Pilot senior Garuda Indonesia, Kapten pilot Abdul Rozaq, yang pada 16 Januari 2002 melakukan pendaratan darurat Garuda Indonesia GA421 di Sungai Bengawan Solo, menuturkan pengalamannya.

Rozaq menceritakan pesawat yang dipilotinya dalam posisi hendak turun dan berada pada ketinggian 31 ribu kaki. Saat itu pesawatnya berhadapan dengan awan Kumulonimbus (Cb) besar. “Awan Cb itu isinya campur-campur, ada es, air, angin sangat kencang yang akhirnya menyebabkan matinya (mesin) pesawat saya,” ujar Rozaq saat dihubungi CNN Indonesia, Rabu (21/1).

ADVERTISEMENT

SCROLL TO CONTINUE WITH CONTENT

Rozaq menjelaskan pada saat pesawat berada di awan Cb membuat pesawat terempas ke atas secara tiba-tiba dan dengan kecepatan yang tinggi. Setelah itu pesawat terempas ke bawah kembali. “Jadi seperti dibanting, pesawat mengalami updraft dan downdraft pada awan Cb,” kata dia. Bila sedang mengalami situasi dan kondisi seperti itu tentunya dalam keadaan yang sangat mengerikan. 

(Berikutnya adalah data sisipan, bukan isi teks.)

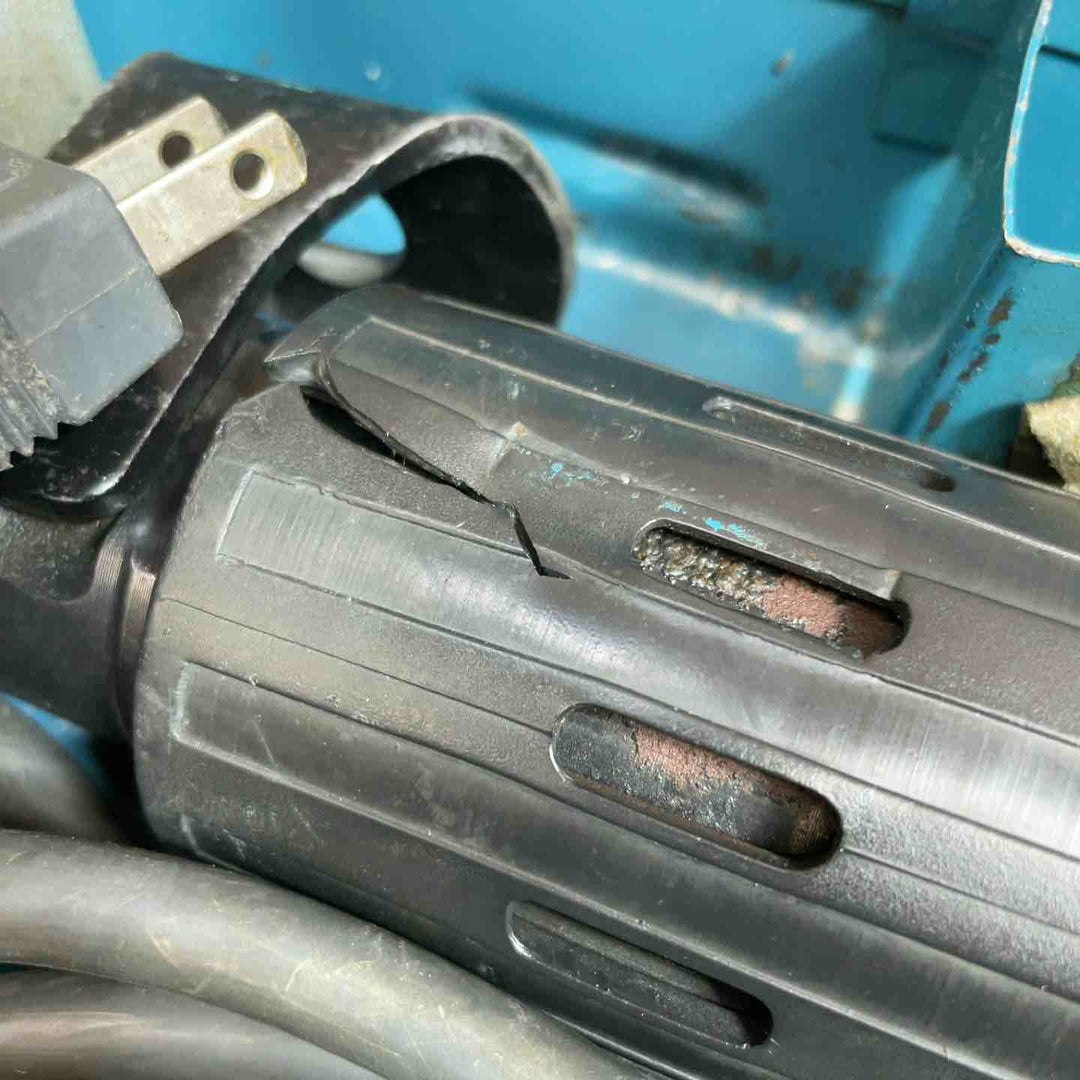 マキタ(makita) 電動ハンマ HM0810【桶川店】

Pilot yang kini berusia 58 tahun itu menegaskan, pada situasi dan kondisi tersebut pesawat seperti berada di pusaran angin yang sangat sulit dikendalikan oleh sang pilot. Jika keadaannya demikian maka si pilot pesawat komersial tidak dapat lagi membawa pesawatnya karena kondisinya tidak normal.

Rozaq lantas menyebut kecelakaan pesawat Air France dua tahun lalu yang disebabkan oleh faktor teknis seperti itu. “Pesawatnya Airbus juga itu, sama. Masalah yang dialami pesawat Air France juga menyangkut soal kecepatan dan ketinggian yang kemudian terjadi error,” tuturnya.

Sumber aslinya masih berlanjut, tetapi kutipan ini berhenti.